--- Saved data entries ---
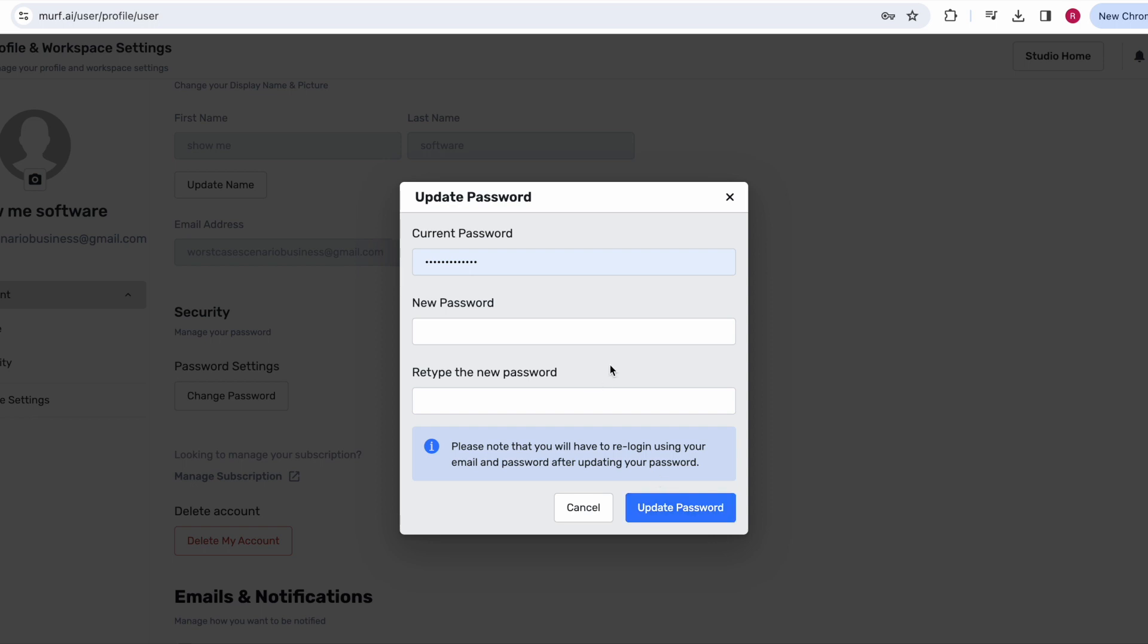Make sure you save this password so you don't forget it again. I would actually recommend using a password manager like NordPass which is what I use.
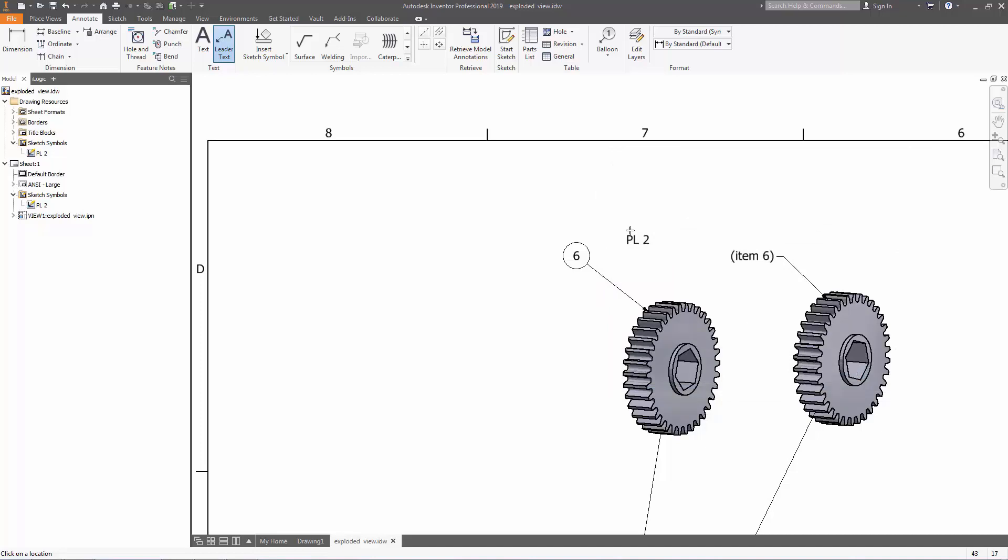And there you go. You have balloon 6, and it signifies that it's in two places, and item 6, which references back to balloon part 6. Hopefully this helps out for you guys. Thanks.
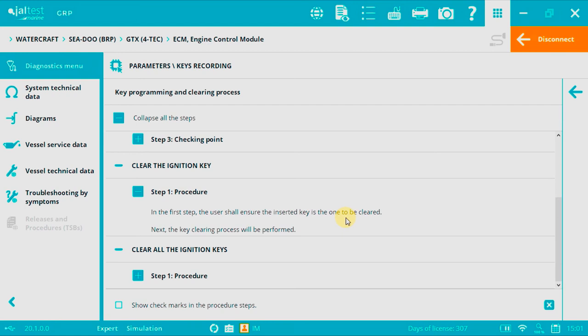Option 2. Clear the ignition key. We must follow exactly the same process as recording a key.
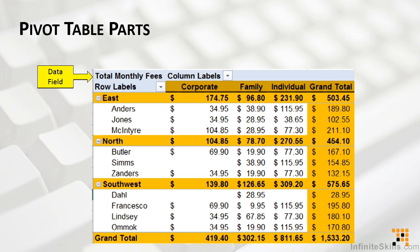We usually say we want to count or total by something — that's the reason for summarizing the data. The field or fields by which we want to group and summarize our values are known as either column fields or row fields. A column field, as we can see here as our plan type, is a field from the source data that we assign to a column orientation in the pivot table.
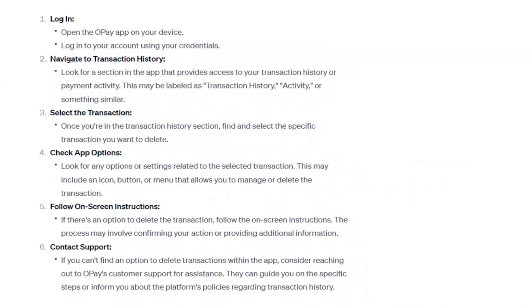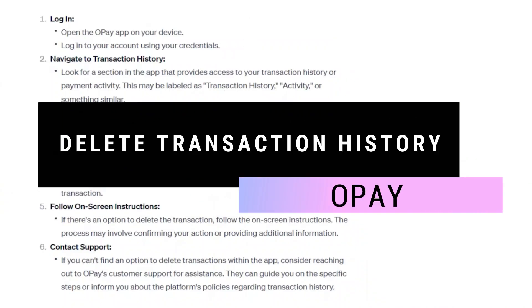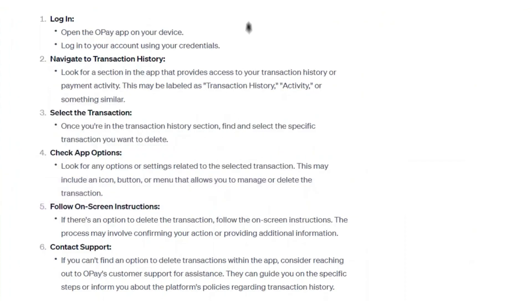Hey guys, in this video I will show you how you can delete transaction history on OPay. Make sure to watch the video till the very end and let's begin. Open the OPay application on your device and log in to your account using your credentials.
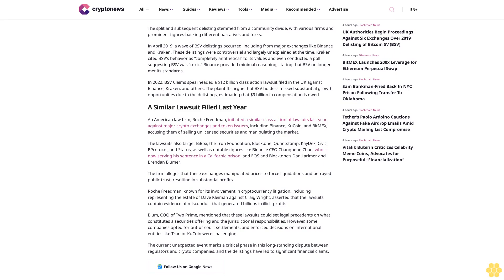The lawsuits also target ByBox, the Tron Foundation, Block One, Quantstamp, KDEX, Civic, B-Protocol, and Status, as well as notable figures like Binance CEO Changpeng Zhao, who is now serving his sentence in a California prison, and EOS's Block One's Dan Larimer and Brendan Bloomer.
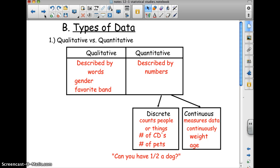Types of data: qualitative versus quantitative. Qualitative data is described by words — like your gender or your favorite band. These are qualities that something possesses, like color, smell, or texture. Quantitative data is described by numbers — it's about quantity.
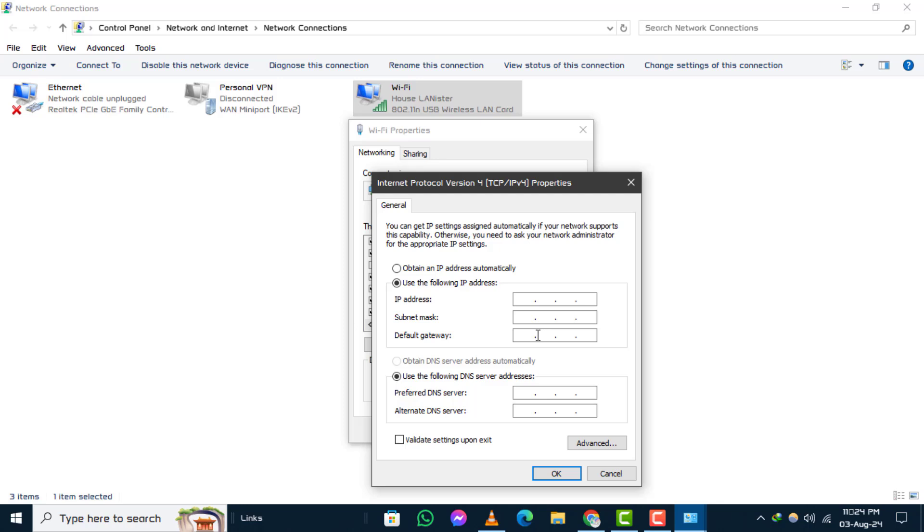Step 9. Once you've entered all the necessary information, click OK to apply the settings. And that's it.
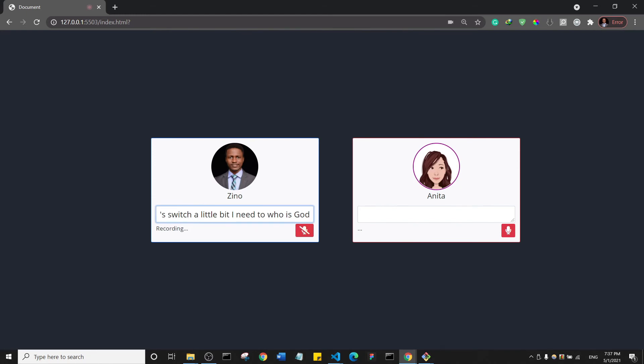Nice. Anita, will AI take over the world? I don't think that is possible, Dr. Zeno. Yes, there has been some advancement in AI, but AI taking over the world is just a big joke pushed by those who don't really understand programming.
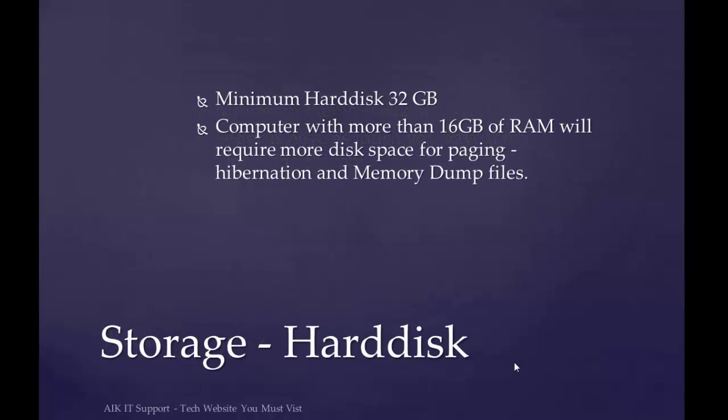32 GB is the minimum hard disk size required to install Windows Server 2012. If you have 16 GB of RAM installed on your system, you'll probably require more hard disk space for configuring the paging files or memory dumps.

--

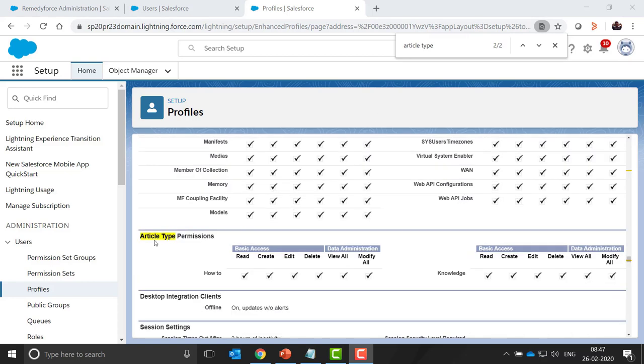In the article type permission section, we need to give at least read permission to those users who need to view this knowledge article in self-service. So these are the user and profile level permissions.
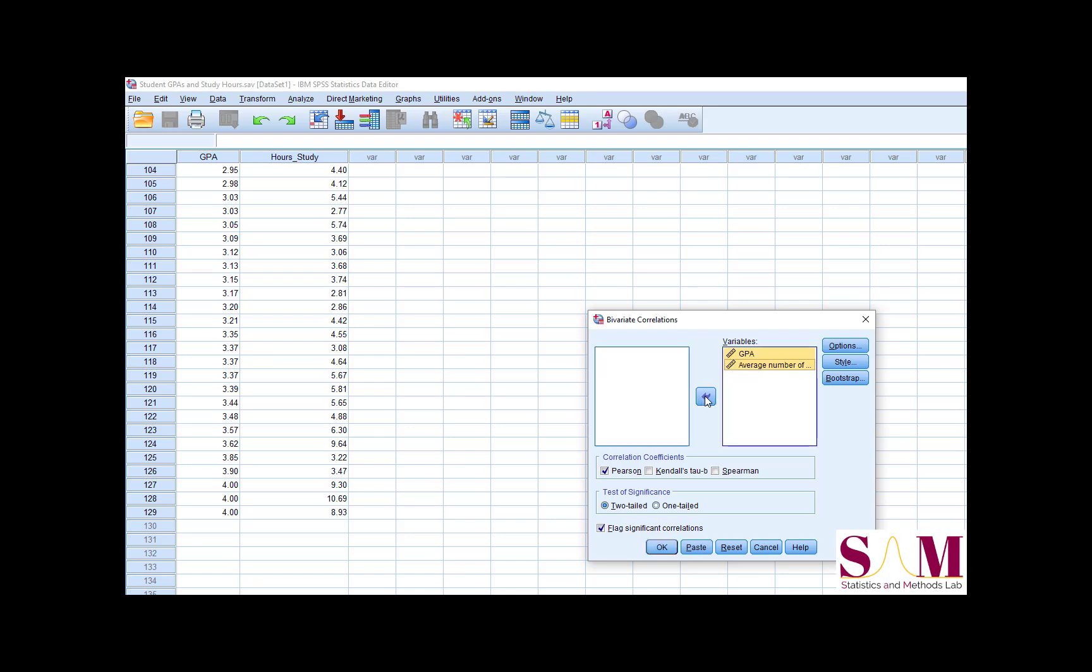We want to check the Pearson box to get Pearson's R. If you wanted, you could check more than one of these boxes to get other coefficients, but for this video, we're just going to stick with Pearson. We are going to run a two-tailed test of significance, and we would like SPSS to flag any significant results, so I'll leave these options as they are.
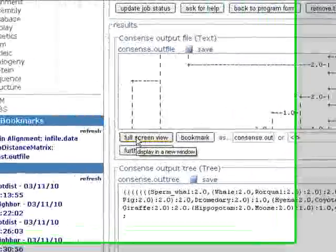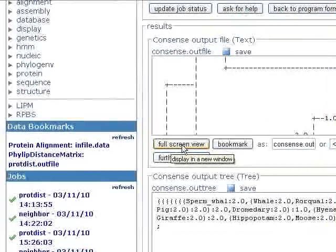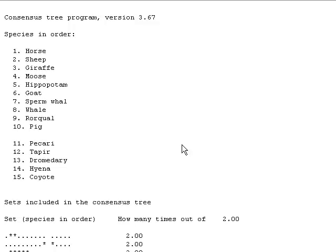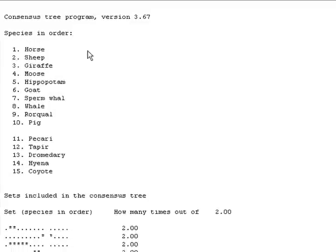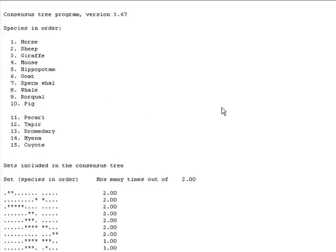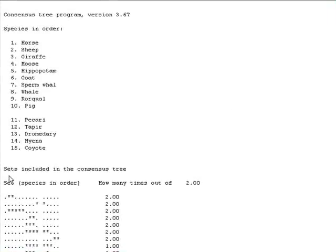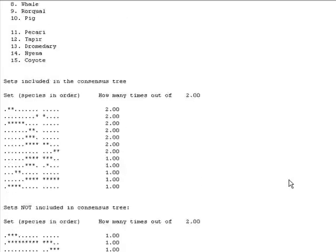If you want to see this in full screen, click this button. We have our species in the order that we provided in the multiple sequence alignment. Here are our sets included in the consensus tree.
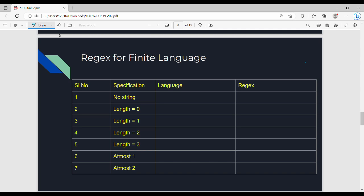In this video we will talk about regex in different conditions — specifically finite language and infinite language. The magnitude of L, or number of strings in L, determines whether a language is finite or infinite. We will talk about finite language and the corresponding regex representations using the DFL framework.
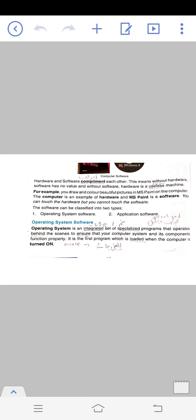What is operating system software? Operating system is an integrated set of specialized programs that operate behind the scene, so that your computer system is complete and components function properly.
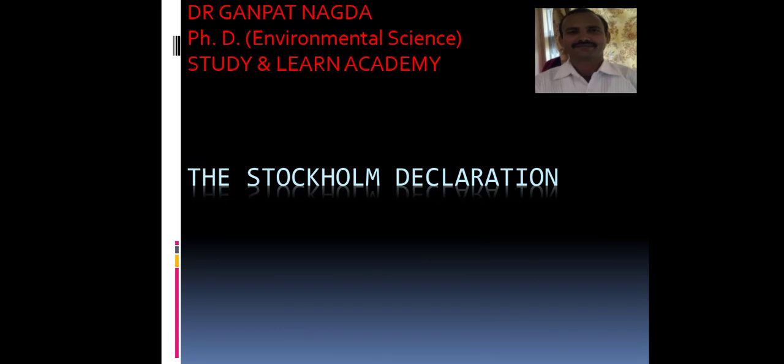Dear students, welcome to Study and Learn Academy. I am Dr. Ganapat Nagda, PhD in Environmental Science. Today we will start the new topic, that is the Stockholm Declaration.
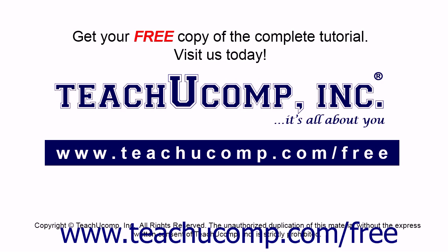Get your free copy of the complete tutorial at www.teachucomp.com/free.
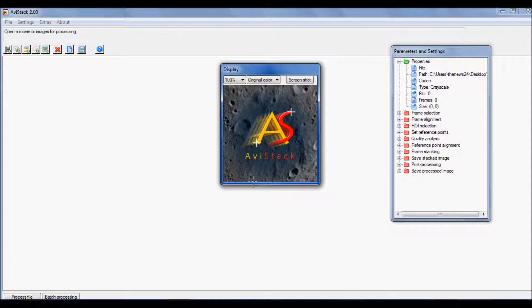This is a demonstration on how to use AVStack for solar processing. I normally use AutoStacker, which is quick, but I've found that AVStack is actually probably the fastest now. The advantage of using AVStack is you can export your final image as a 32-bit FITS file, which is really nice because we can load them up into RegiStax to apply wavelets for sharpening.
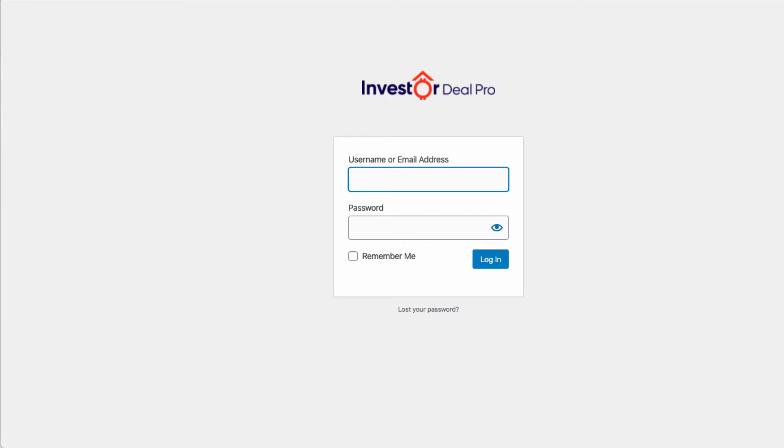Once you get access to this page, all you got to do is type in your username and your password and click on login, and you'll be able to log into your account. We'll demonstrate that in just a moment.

--- THE PROBLEM ---
The answer is the lines above from the one with "Make sure you" to the one with "32 GB is the", set down exactly, with no pictures.

--- TASK RESPONSE ---
Make sure you save this password so you don't forget it again. I would actually recommend using a password manager like NordPass which is what I use.
And there you go. You have balloon 6, and it signifies that it's in two places, and item 6, which references back to balloon part 6. Hopefully this helps out for you guys. Thanks.
Option 2. Clear the ignition key. We must follow exactly the same process as recording a key.
We usually say we want to count or total by something — that's the reason for summarizing the data. The field or fields by which we want to group and summarize our values are known as either column fields or row fields. A column field, as we can see here as our plan type, is a field from the source data that we assign to a column orientation in the pivot table.
Hey guys, in this video I will show you how you can delete transaction history on OPay. Make sure to watch the video till the very end and let's begin. Open the OPay application on your device and log in to your account using your credentials.
The lawsuits also target ByBox, the Tron Foundation, Block One, Quantstamp, KDEX, Civic, B-Protocol, and Status, as well as notable figures like Binance CEO Changpeng Zhao, who is now serving his sentence in a California prison, and EOS's Block One's Dan Larimer and Brendan Bloomer.
Types of data: qualitative versus quantitative. Qualitative data is described by words — like your gender or your favorite band. These are qualities that something possesses, like color, smell, or texture. Quantitative data is described by numbers — it's about quantity.
Step 9. Once you've entered all the necessary information, click OK to apply the settings. And that's it.
Nice. Anita, will AI take over the world? I don't think that is possible, Dr. Zeno. Yes, there has been some advancement in AI, but AI taking over the world is just a big joke pushed by those who don't really understand programming.
32 GB is the minimum hard disk size required to install Windows Server 2012. If you have 16 GB of RAM installed on your system, you'll probably require more hard disk space for configuring the paging files or memory dumps.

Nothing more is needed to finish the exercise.